Post by Kevin Cryan on Today at 09:22
Robert Hughes's 2006 memoir, Things I Didn't Know, is Nicholas Lezard's paperback choice (http://books.guardian.co.uk/review/story/0,,2174194,00.html) in the Review section of The Guardian today.
..........here is the memoir of a young man's education, sentimental and intellectual, of a kind that will be familiar to those who have read Clive James's autobiographies. I'm afraid the comparison is unavoidable: contemporaries at Sydney University, they are both muscular humanist writers, confident of their opinions, intolerant of bullshit (as they see it), and both, if my memory of James's oeuvre serves me correctly, in Florence, or nearly there, at the time of the floods of 1966. (At least one anecdote about the destruction is told by each man.)

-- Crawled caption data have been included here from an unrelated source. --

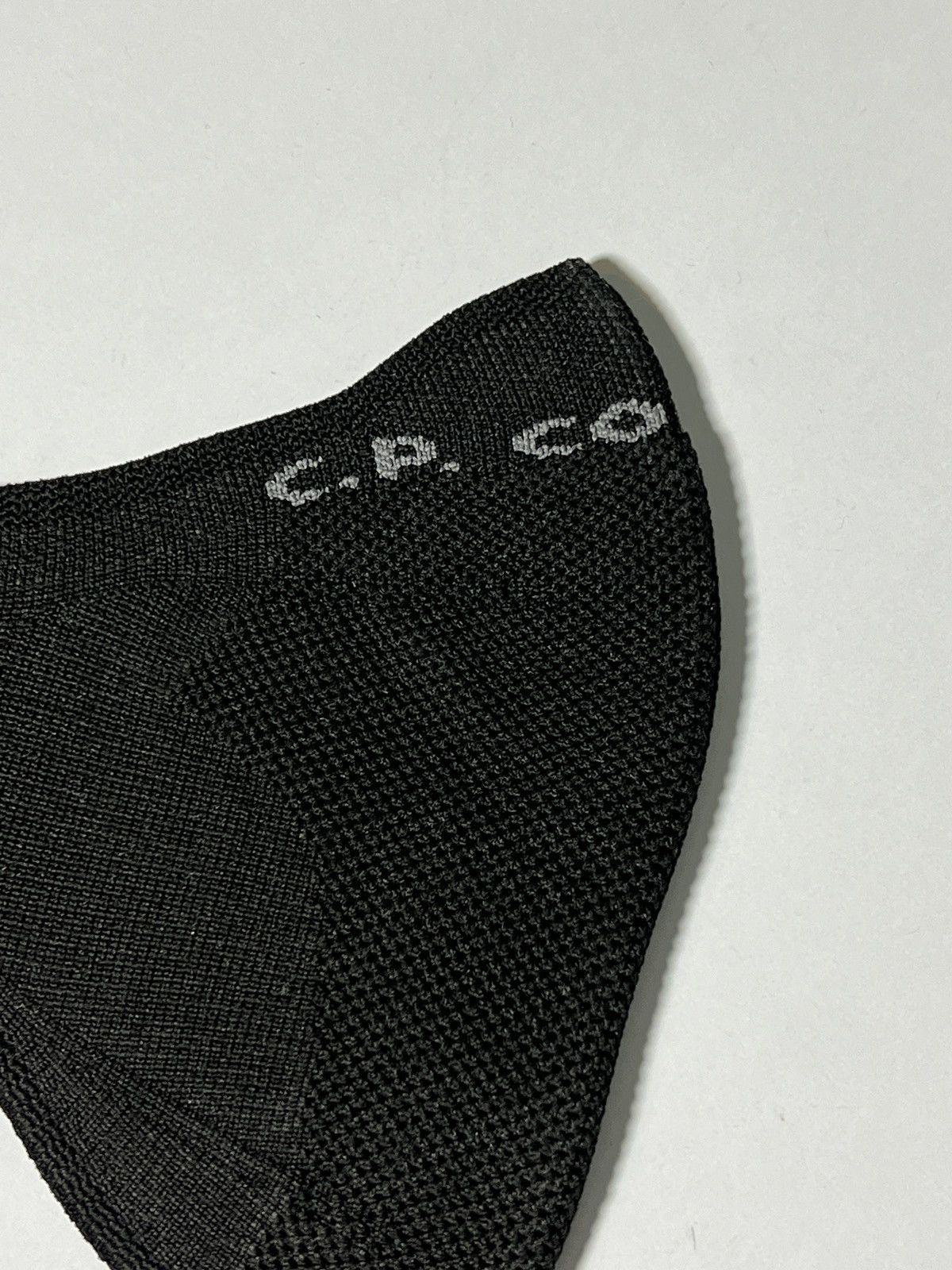 C.P. Company Cp Company Knit Yarn Logo Print Face Mask Size ONE SIZE - 5 Thumbnail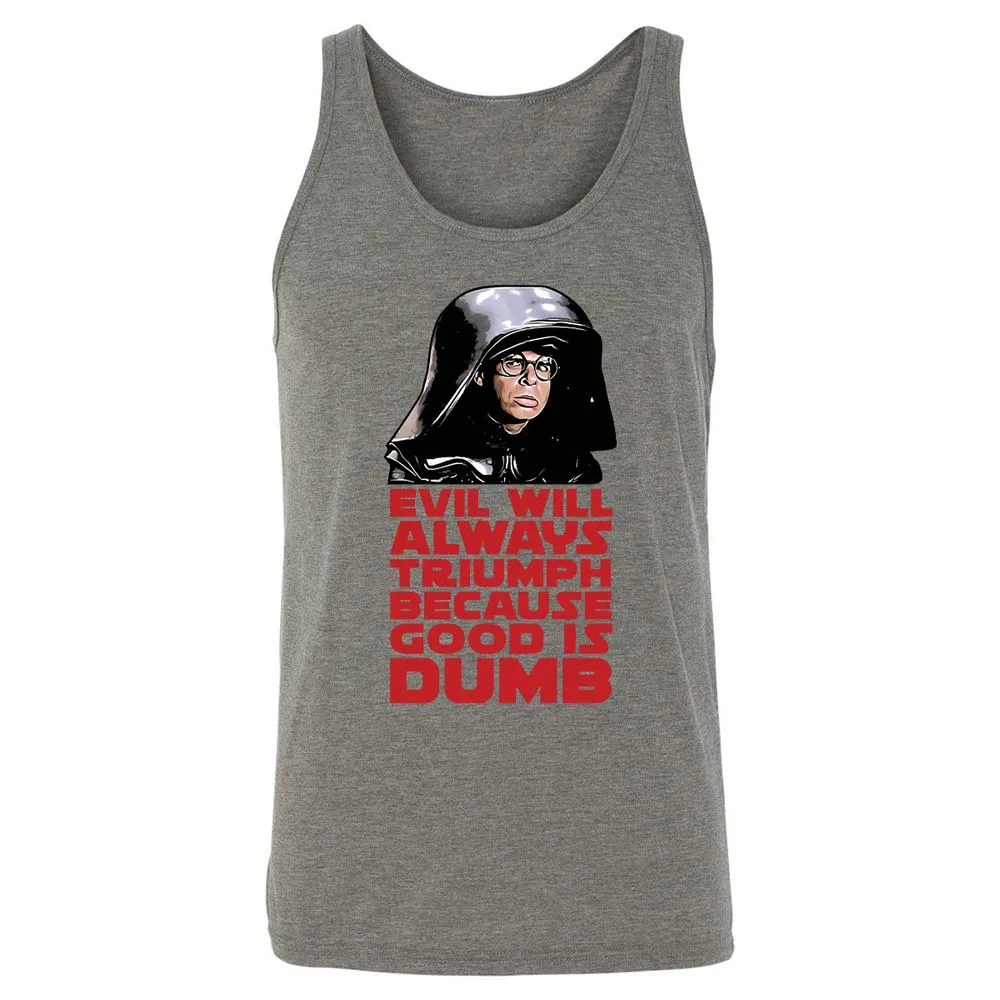 Good Is Dumb - Grey Triblend - 2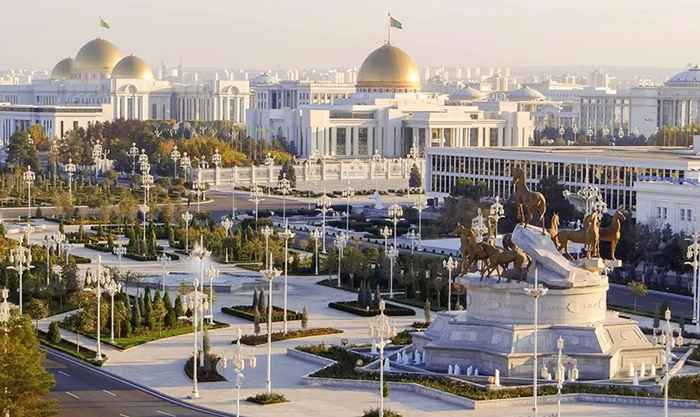 Ashgabat, Turkmenistan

But Hughes is a less showy stylist than James, no less anxious to produce something readable and useful, but a little less anxious to please. In fact, there is a great curmudgeonliness in Hughes that surfaces from time to time, and results in his being occasionally branded as an "elitist" in his native country. No less traumatic than his car accident were the legal proceedings that followed it, and the first chapter ends with a ringing denunciation of the hypocrisy and fabrications of the Australian media.

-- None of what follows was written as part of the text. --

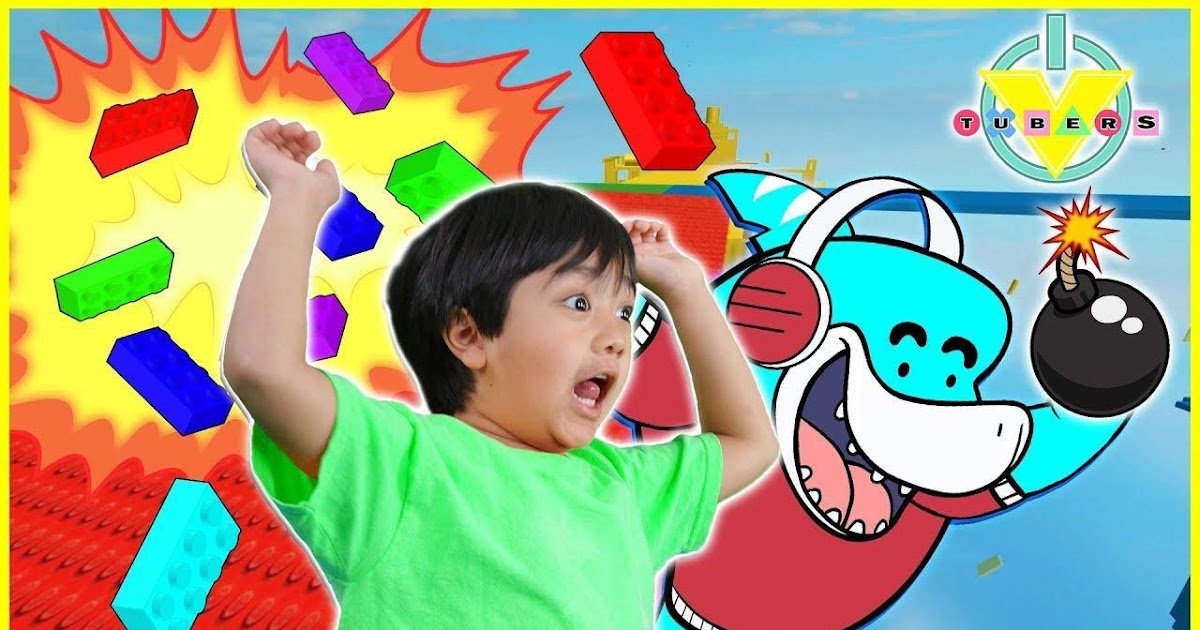 vtubers doomspire toysreview brickbattle ryans buddy lexa challenge
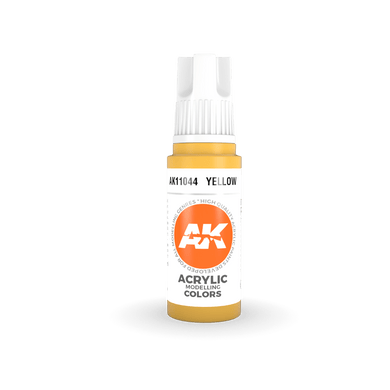 AK Interactive Yellow 17ml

Geoff Dyer's New York Times review (http://www.nytimes.com/2006/09/24/books/review/Dyer.t.html), published almost a year ago to the day, is less admiring of Hughes's writing, but interesting to read nonetheless.
Title: Re: Robert Hughes's memoir.
Post by Murray McGlew on 21.12.10 at 01:50
I've just read a book (a few years old now) by another contemporary of Hughes and James, "Josh Hartnett Definitely Wants to do This" by Bruce Beresford.
It isn't, as I'd supposed, an autobiography but extracts from a diary over a couple of years during which time he makes no films but does endless work on one doomed project after another. An entertaining read, although it leaves me wondering how anything worthwhile ever gets made. Beresford wonders similarly at various times in the book.
Beresford of course gets many mentions in the Unreliable Memoirs series, and such is the overlap in chronology he must have been well known to Pete as well. Both our boys get mentioned, including some musing along the lines that Andrew Lloyd Weber didn't have a decent librettist for much of his career, and he would have done well to have used Clive James if only he (Weber) had known about his (James') excellent work with Pete Atkin.
The eternal problem that a director faces apparently is that no on will put up money for a film unless some big stars are signed, and no big stars will sign unless the money is committed.